Though it is true that Jews and Gentiles are equally in need of salvation, and in this regard there is no difference between them, nevertheless salvation does not wipe out their identity as Jews and Gentiles. Paul referred to saved Gentiles as “Gentiles” (Romans 11:13 and Ephesians 2:11), and to saved Jews as “Jews” (Galatians 2:13-15). Paul also spoke of himself as a Pharisee (Acts 23:6), which implies, of course, that as a believer he still considered himself to be Jewish. God’s Messianic Community, His Church, consists of saved Jews who remain Jews and saved Gentiles who remain Gentiles.289

Were Paul’s arguments in these chapters effective enough in persuading the Corinthians to abandon their participation in idolatrous associations?

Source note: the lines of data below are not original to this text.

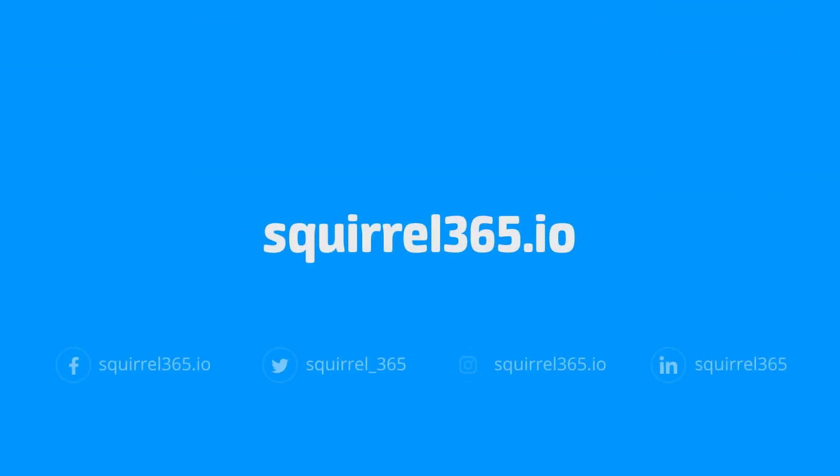Download the Squirrel trial today and see for yourself.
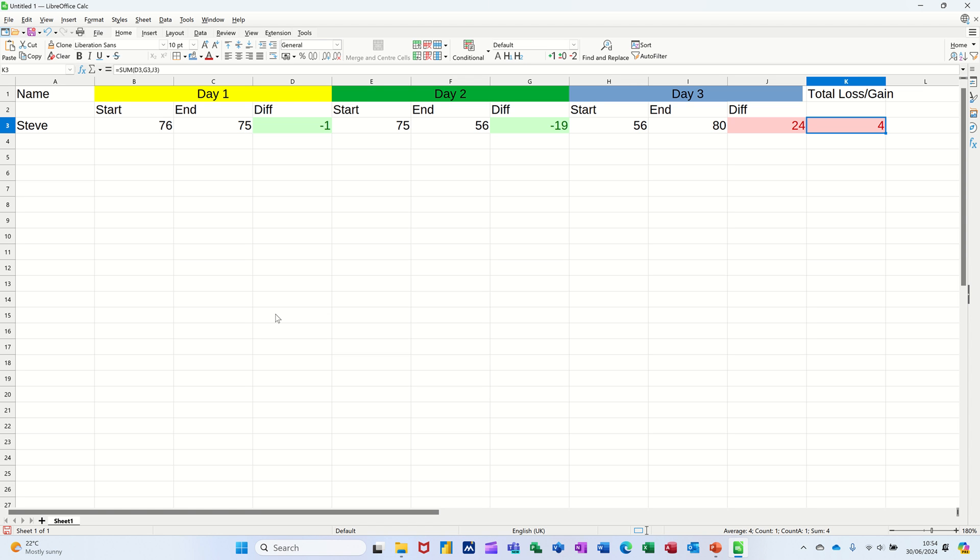Hi guys, welcome to this session in LibreOffice Calc. In this module I want to show you how you can create a very simple weight tracker using a calc spreadsheet.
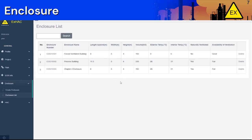The enclosure we just created will appear on the enclosure list. Here you can also find all the enclosures that have been created. Click on any of these enclosures to edit them or delete if necessary.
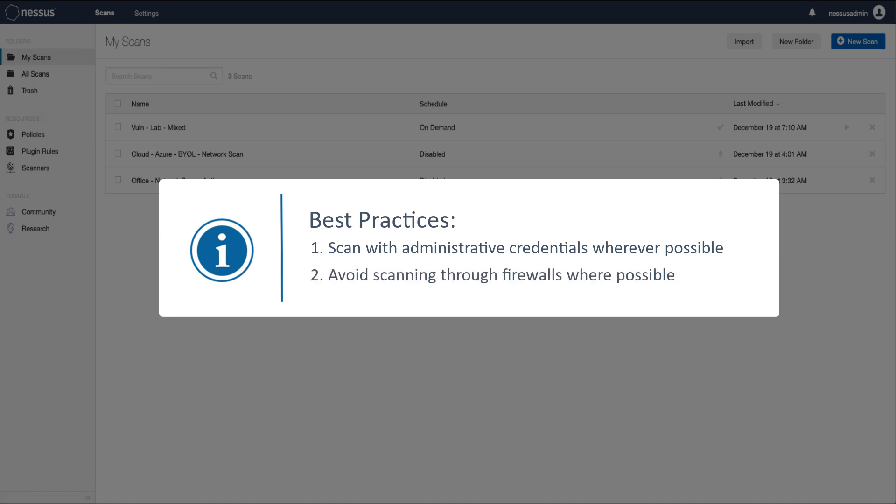Second, avoid scanning through firewalls where possible. Instead, get the scanners as close to the targets as you can.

The painful visit (see the commentary on Second Corinthians Am – Paul’s Painful Visit) and continued encouragement (see the commentary on Second Corinthians Bh – Do Not be Unequally Yoked with Unbelievers) suggest not. Such complex issues that require such enormous self-sacrifice are not solved overnight.290

C. The pattern of our freedom in Messiah (10:33-11:1): The final element of Paul’s conclusion makes a reference to his own personal life. In 8:3, he stated that he would not eat meat if by doing so he would cause a fellow believer to sin. In 9:19-23 he demonstrated how he became all things to all people so that by any means he might save some. Now he recites another version of the same principle: Just as I try to please everyone in everything I do, not looking out for my own interests but for those of the many, so that they may be saved (10:33). Paul always lived with an eye on what others around him (especially new believers) might be thinking. Love for others must always temper our freedom in Messiah.291

Then the apostle goes even further with his example. He is not content simply to live his life as an example for the Corinthians to emulate; he actually instructs them to literally become imitators of him. Try to imitate me, even as I myself try to imitate the Messiah (11:1). Lest we think that Paul thinks too highly of himself, he actually stresses that he himself is an imitator of Messiah and His lifestyle. That must always be the overriding goal in our lives – not to use some other human being as our model but to use the perfect, sinless Messiah. It is not too much to say that Paul is here instructing the Corinthians to imitate him only to the degree that he imitates Messiah.292

With the conclusion of Chapter 10, Paul puts a period to the discussion of meat sacrificed to idols and moves on to a variety of questions relating to how men and women should conduct themselves in the church’s worship services.